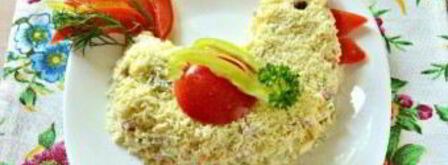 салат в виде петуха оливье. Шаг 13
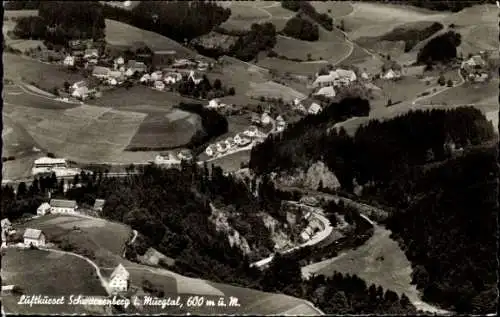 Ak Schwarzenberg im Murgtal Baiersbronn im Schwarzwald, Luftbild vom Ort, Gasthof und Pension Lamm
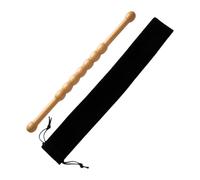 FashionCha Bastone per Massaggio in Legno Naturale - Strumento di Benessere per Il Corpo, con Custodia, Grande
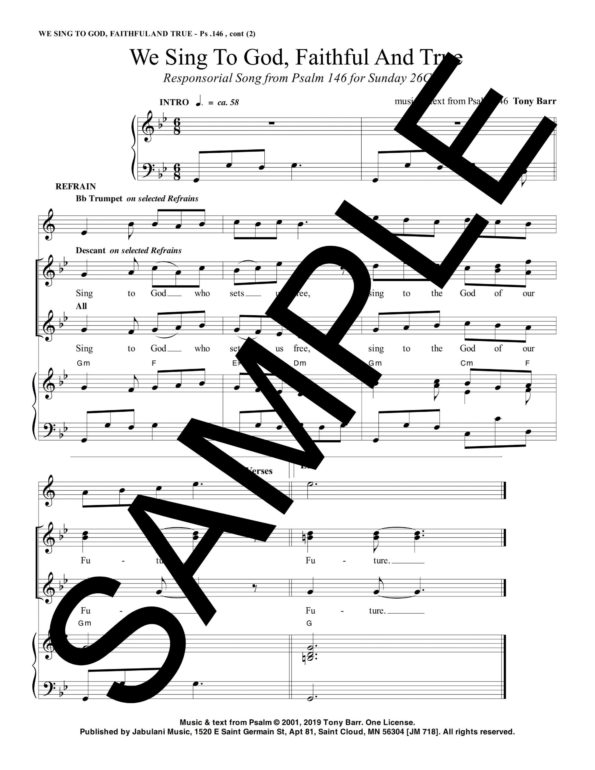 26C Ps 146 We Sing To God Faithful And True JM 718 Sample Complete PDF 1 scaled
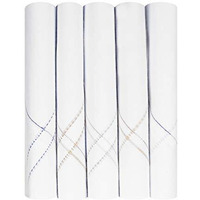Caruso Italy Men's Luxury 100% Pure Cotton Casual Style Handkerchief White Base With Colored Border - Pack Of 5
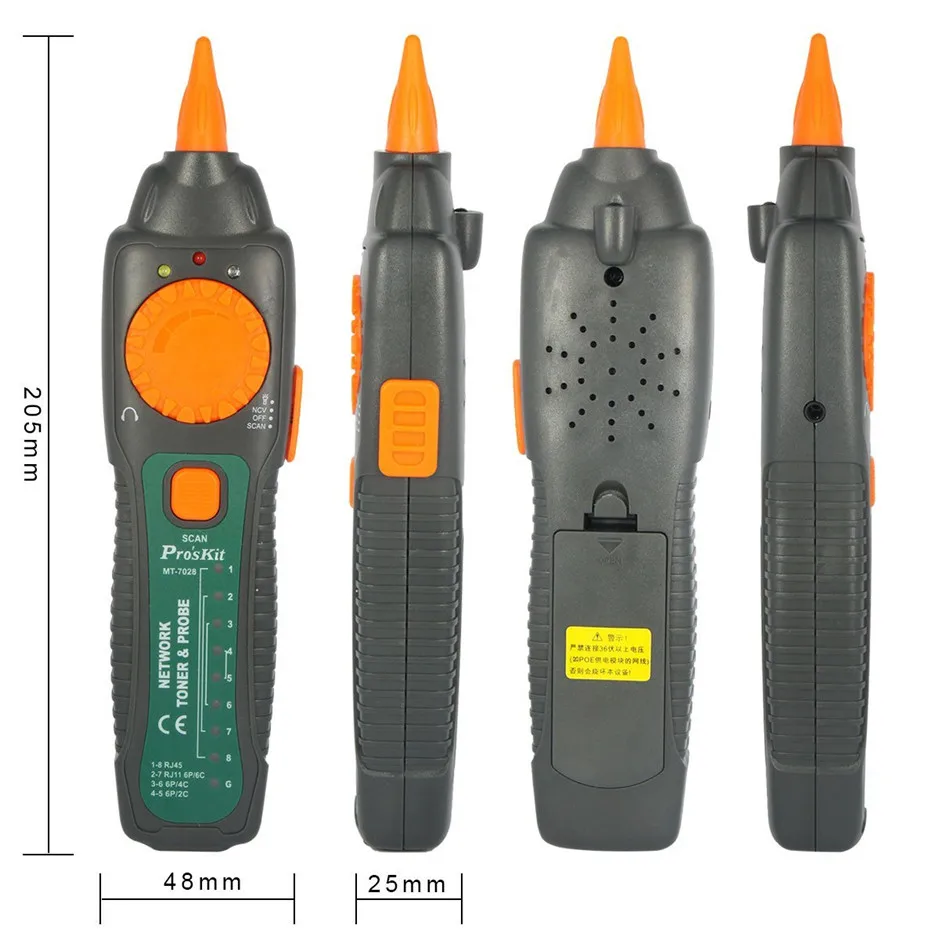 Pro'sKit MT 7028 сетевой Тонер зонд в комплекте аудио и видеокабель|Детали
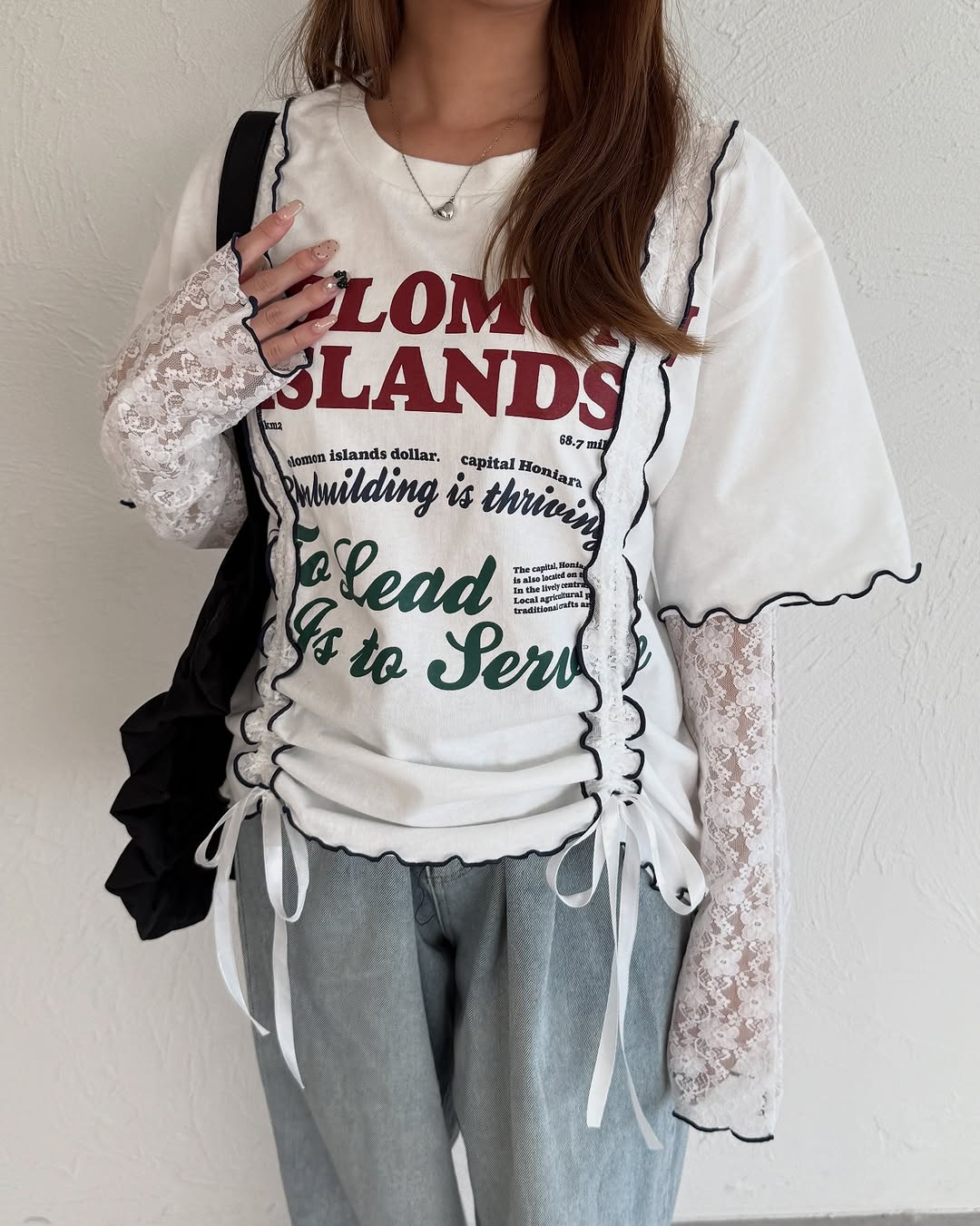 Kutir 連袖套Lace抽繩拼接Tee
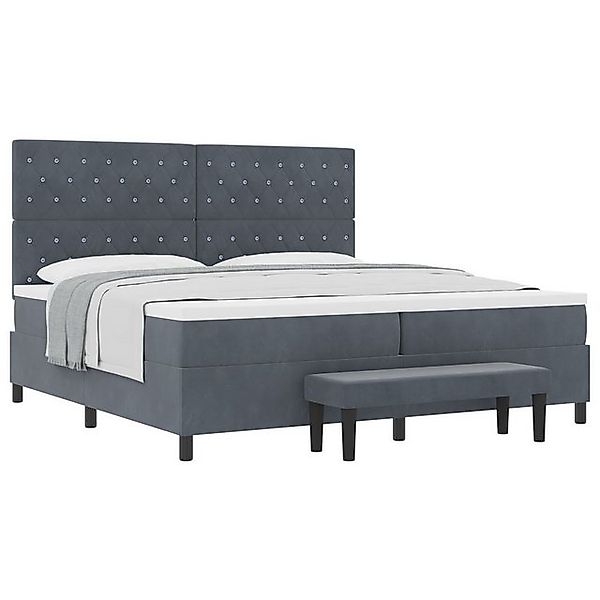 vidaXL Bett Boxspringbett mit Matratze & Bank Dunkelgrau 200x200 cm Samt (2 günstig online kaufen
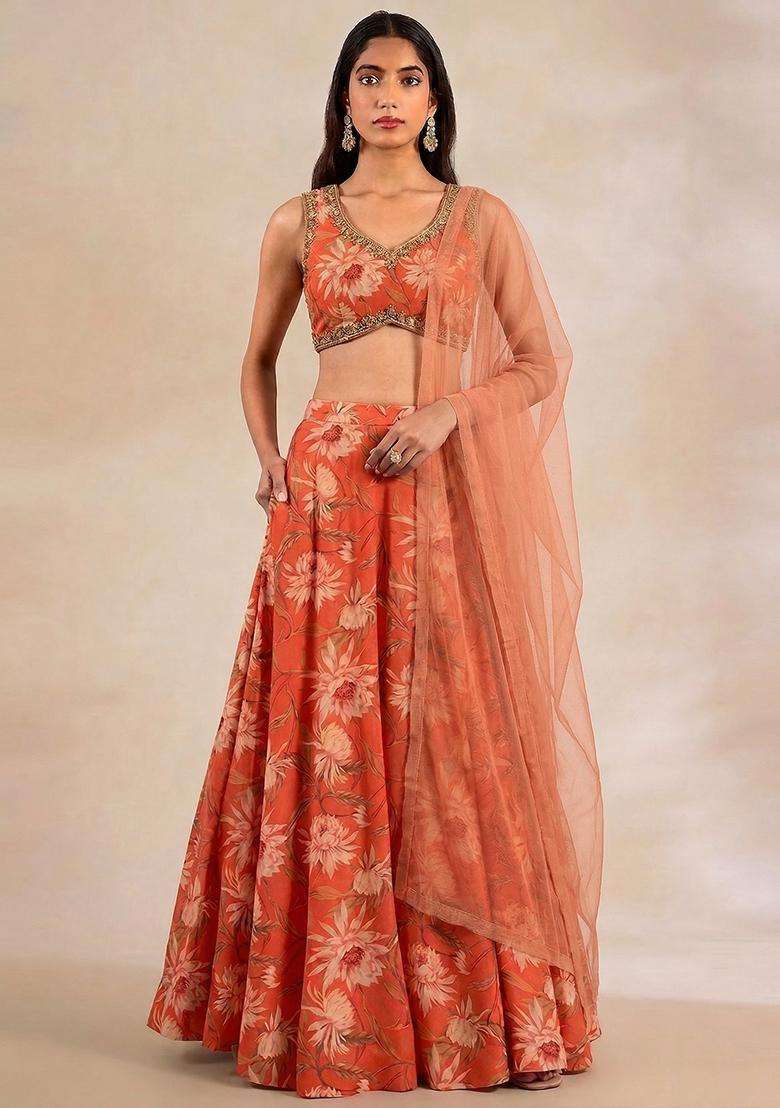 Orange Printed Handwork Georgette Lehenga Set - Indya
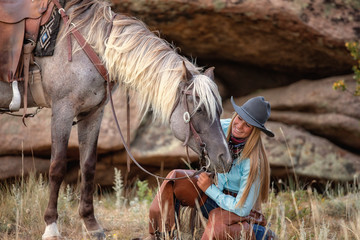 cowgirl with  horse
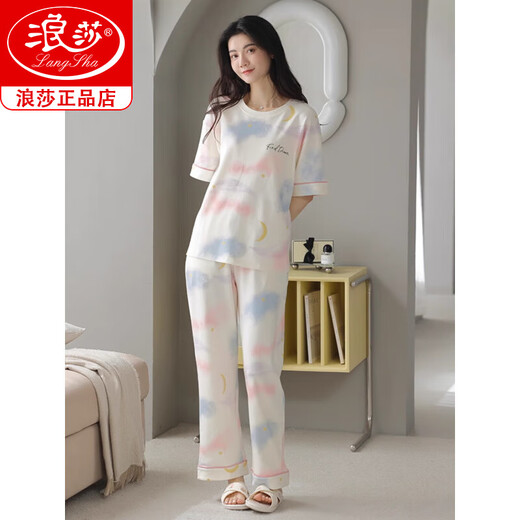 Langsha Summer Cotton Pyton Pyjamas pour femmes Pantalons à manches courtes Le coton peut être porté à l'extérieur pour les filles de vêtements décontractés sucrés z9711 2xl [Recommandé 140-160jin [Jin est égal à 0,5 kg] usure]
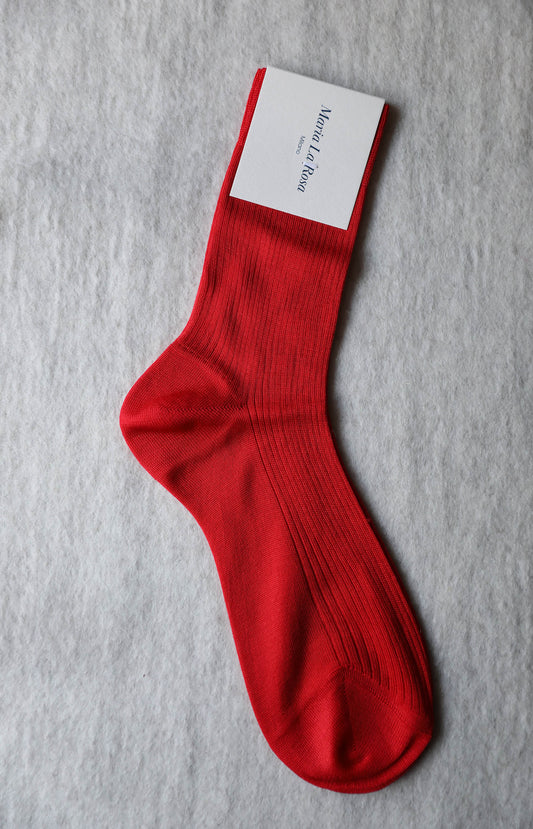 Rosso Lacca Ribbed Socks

Exercise brief:
Set down exactly the lines of the entries above from the one holding "Kutir 連袖套Lace抽繩拼接Tee" through the last one, including both, with the pictures left out.

Response:
 Kutir 連袖套Lace抽繩拼接Tee
 vidaXL Bett Boxspringbett mit Matratze & Bank Dunkelgrau 200x200 cm Samt (2 günstig online kaufen
 Orange Printed Handwork Georgette Lehenga Set - Indya
 cowgirl with  horse
 Langsha Summer Cotton Pyton Pyjamas pour femmes Pantalons à manches courtes Le coton peut être porté à l'extérieur pour les filles de vêtements décontractés sucrés z9711 2xl [Recommandé 140-160jin [Jin est égal à 0,5 kg] usure]
 Rosso Lacca Ribbed Socks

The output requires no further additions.